TO DO: Print the lines below from the line with "CHEVROLET CAMARO image 3" to the line with "cesta tote ~ medium ~ tercera ~ unlined" exactly, keeping both ends, and print no pictures.

DATA EXTRACTS:
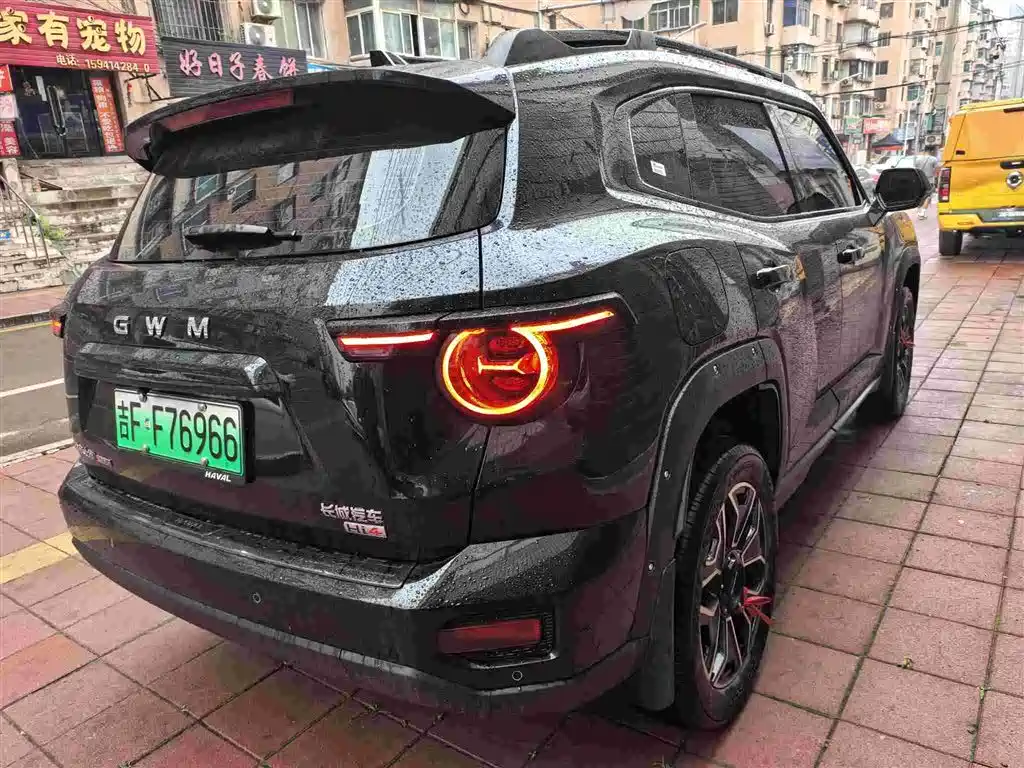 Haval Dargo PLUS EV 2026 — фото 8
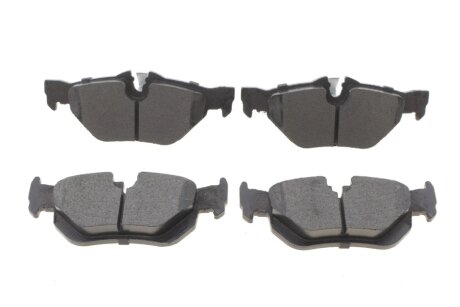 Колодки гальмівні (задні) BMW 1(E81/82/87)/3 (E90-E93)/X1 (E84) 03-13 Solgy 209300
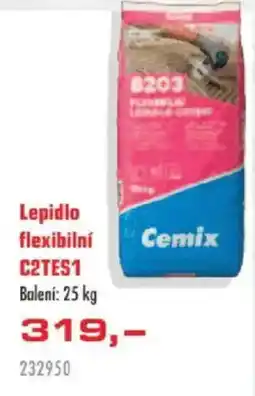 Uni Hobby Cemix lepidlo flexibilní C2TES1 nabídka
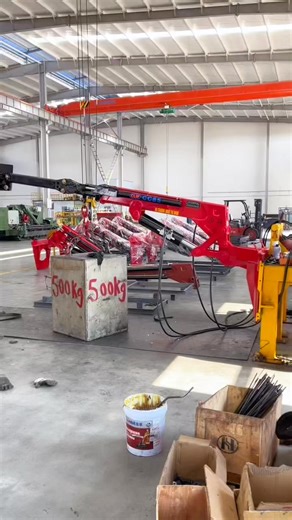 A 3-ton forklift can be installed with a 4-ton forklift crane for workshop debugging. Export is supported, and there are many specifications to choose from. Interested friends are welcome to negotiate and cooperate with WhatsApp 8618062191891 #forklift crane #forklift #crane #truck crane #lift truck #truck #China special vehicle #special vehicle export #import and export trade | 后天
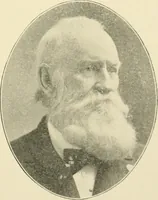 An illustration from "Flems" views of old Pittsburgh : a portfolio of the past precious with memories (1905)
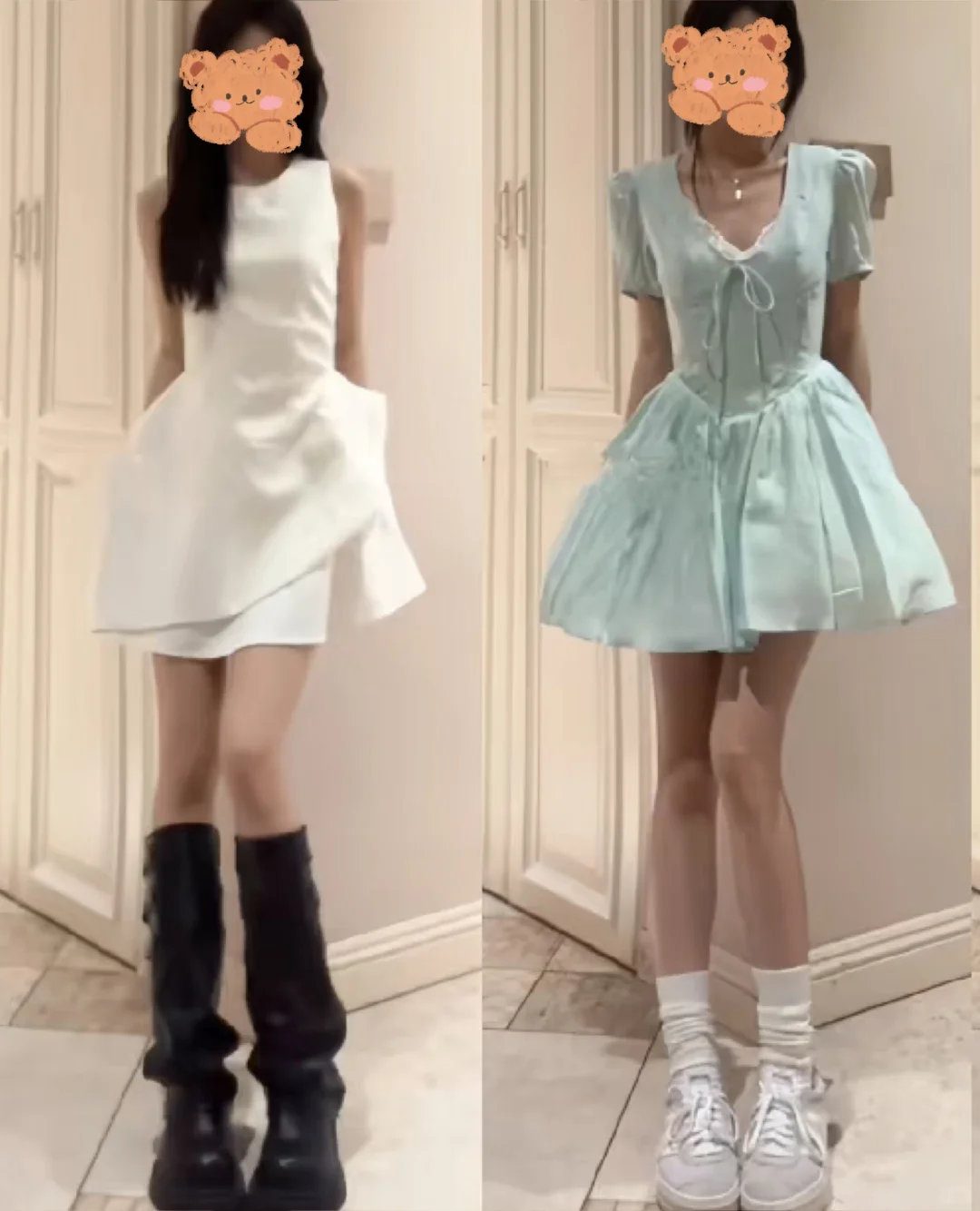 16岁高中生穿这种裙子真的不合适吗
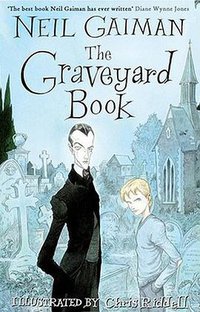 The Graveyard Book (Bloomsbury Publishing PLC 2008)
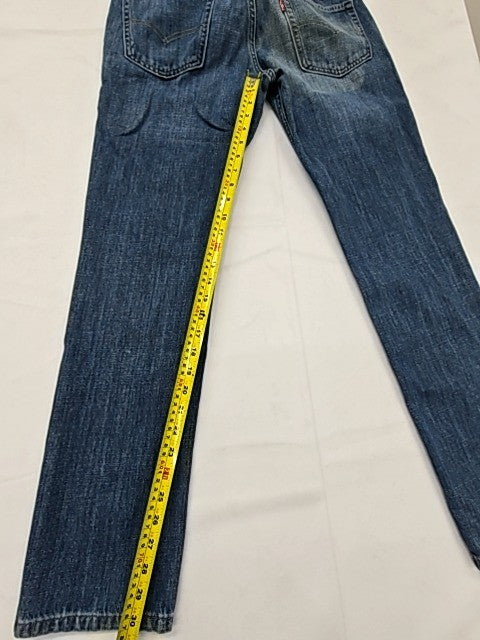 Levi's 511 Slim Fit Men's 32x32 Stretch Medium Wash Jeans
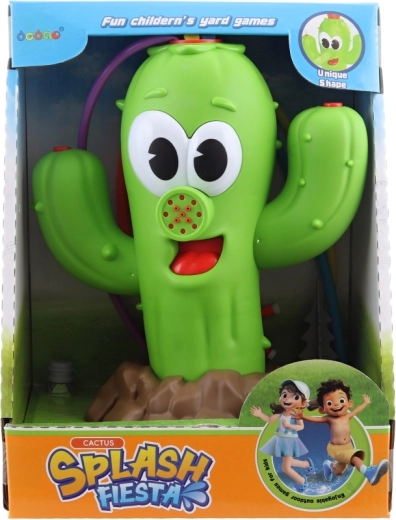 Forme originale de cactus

==

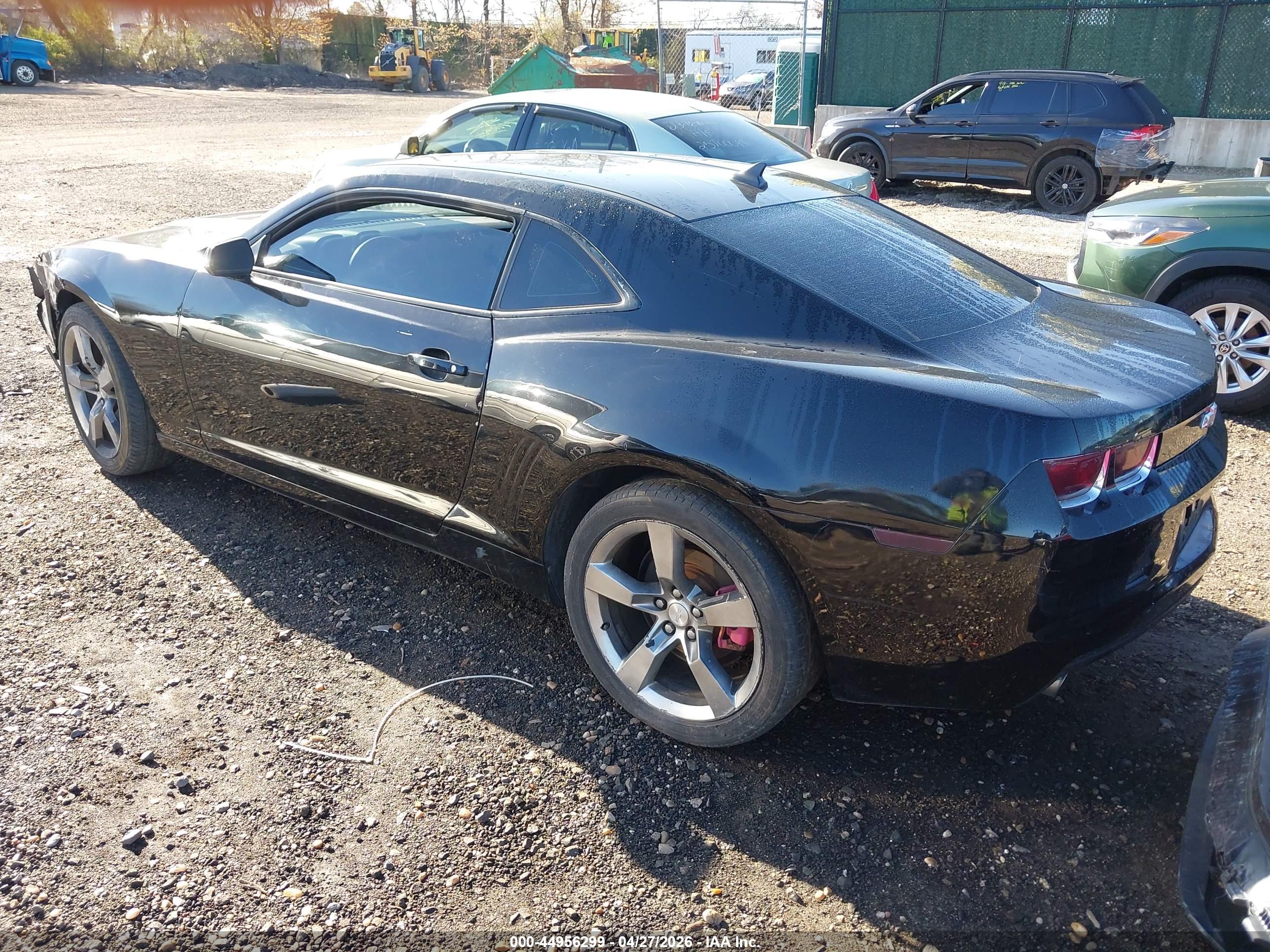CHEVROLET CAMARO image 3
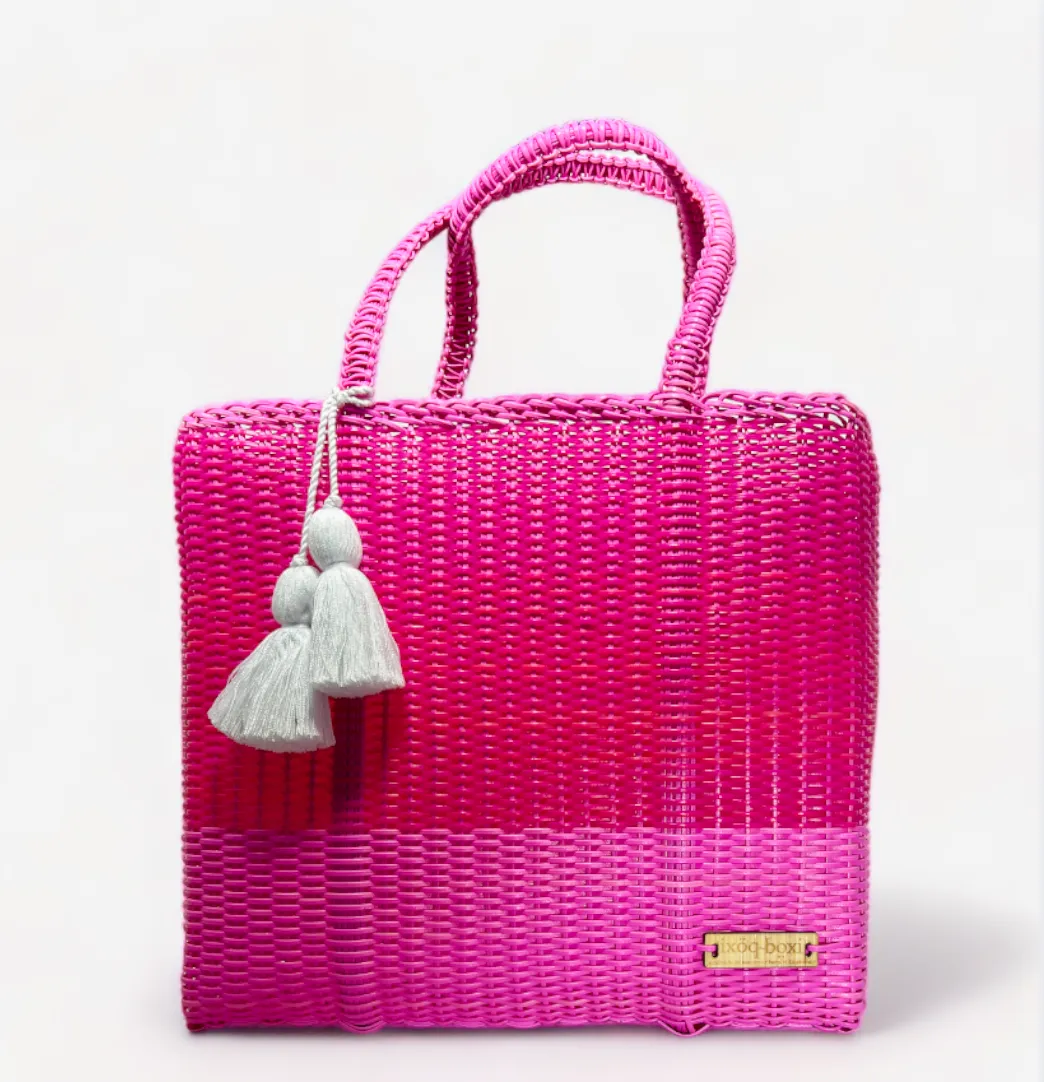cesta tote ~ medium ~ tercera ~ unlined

ANSWER FOR THIS EXERCISE:
CHEVROLET CAMARO image 3
cesta tote ~ medium ~ tercera ~ unlined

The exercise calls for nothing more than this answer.